I really enjoyed getting to write and illustrate the book myself, but there was one issue I encountered. Because I love illustrating scenes and details, and also because it’s about my own life, I often tried to squeeze too much into some of the artwork and got stuck on illustrating a room or landscape exactly how it was from memory. I had to pull back and leave in only the details that were important to the story. I also had to make sure that the featured plant didn’t get lost in the “clutter” since that really was the star of the show! I think I got attached to certain bits of the artwork, so it was hard to let some of it go, but I know it was for the best because I’m extremely happy with how the final product turned out.

How long did you take to come out with the entire book? How and what has the process been like for you?

In total, it took right around 2 years to create the book. I spent about a year and a half on the manuscript alone and that was even before it was pitched to a publisher. My agent helped tremendously with the editing process, so there were a lot of back and forth reviews of my drafts between us over that time period. I started with making a list of all the memorable plants I could think of that I would want to write about. Then, I fleshed out some memories attached to each one and wrote about the details of it and if there were any significant life moments surrounding it. I didn’t set out to write about any particular themes in the beginning (other than plants), but the themes of nostalgia, family, learning to be present, and dealing with death and grief, they started appearing naturally once I wrote more about each plant.

The process of writing about my life was surprisingly emotional. It brought a lot of things to the surface that I thought I had already worked through. My dad passed away in 2009, and though you never truly get over things like that, I thought I had processed it well by now. It turns out that I hadn’t! My cat, Spanky, got sick and passed away in 2016, and that was a particularly difficult time for me, too.

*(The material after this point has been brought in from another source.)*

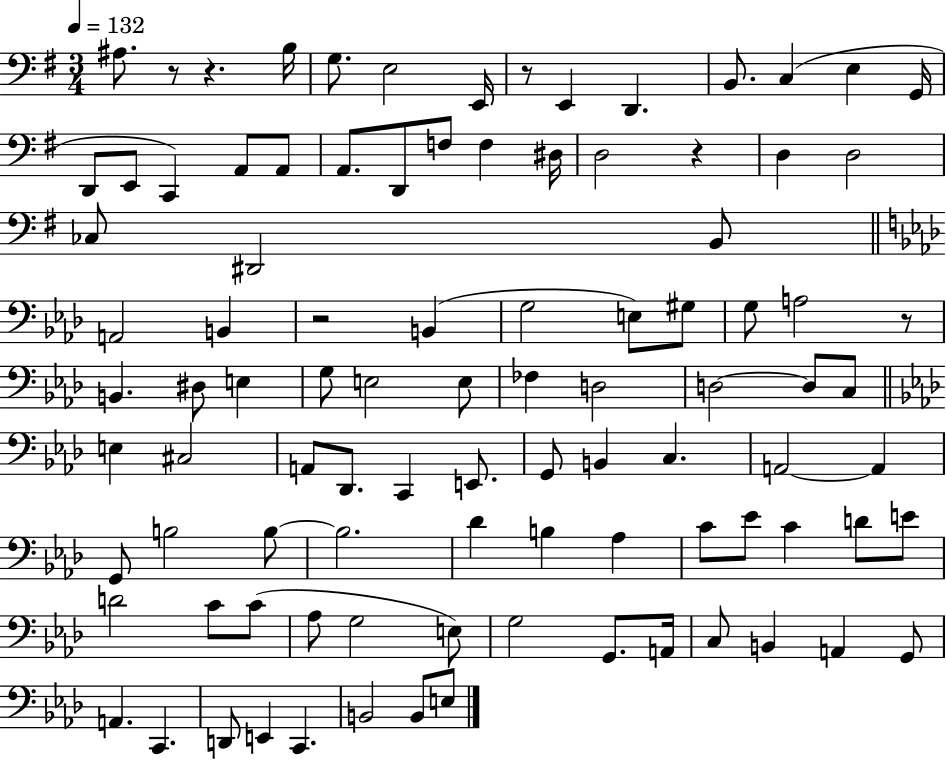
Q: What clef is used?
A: bass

In order to survive and get on with life, I guess I had buried a lot of emotions surrounding those incidents. Though it was painful to relive those memories, it was incredibly therapeutic to write about them. It was a big purge of emotions and in the end, it felt kind of like going to therapy! Some of the things that used to haunt me just aren’t there anymore. I certainly didn’t have to include those experiences in my book, but because they are such pivotal moments in my life, it felt important to walk the reader through them. It was also helpful to revisit some past experiences where I felt like I made mistakes in how I handled those situations, like my botched engagement to the person who is now my husband. I think I discovered a lot of patience and forgiveness for my past self once I could look back on what happened from a distance.

So, back to the timeline, about a year and a half after I started writing, we were ready to pitch it. My agent submitted the finished manuscript along with 4 sample spreads of artwork I had created. My publisher (Andrews McMeel) that I worked with on my previous three books liked it and decided to publish this one as well. They’ve been so good to me and it’s really been a dream to get to work with them on multiple books.

I signed the contract in late summer of 2019, and then the final artwork was due mid-October that same year. That was an extremely fast timeline for completing the illustrations—normally you might have 6-9 months for something like that, but we all wanted it to be released the following summer to feel relevant with the gardening season.

Once you submit the final artwork, from what I have seen at least, it takes about 7-10 months before the book will hit stores. So, if I wasn’t able to meet that deadline, we would have had to wait until sometime in the spring or summer of 2021. I made the deadline, but it was rough! Even though it was stressful at times, I really do love the process of creating books and I know myself and how I work best under pressure.

The thought of getting to see my work printed in a book someday was definitely fuel to push through those many early mornings and late nights. Each time I have finished a book project, I feel such huge relief that it’s completed, but there’s also this small feeling of wistfulness. After working so intensely on a project I loved, it’s a little disorienting once it’s over. As a creative person, I’m often overwhelmed and paralyzed by all of the ideas of things I’d like to do. Having a book project to work on sort of eases that anxiety in a way because there’s a specific list of tasks and a clear deadline over a somewhat long period of time.

How has the publishing of the book affected your business so far? Did you gain more clients and interest in your work?

Each book I’ve done definitely leads to more growth and interest in my work. Some of this starts a couple of months before the book comes out, when I start to promote the book online. My publisher landed a pretty cool pre-order collaboration with Bloomscape this summer—the incentive for readers was to pre-order the book and then get an exclusive discount off a plant from their online shop. It was really helpful in getting the book in front of a new audience because Bloomscape promoted my book to their followers and email subscribers.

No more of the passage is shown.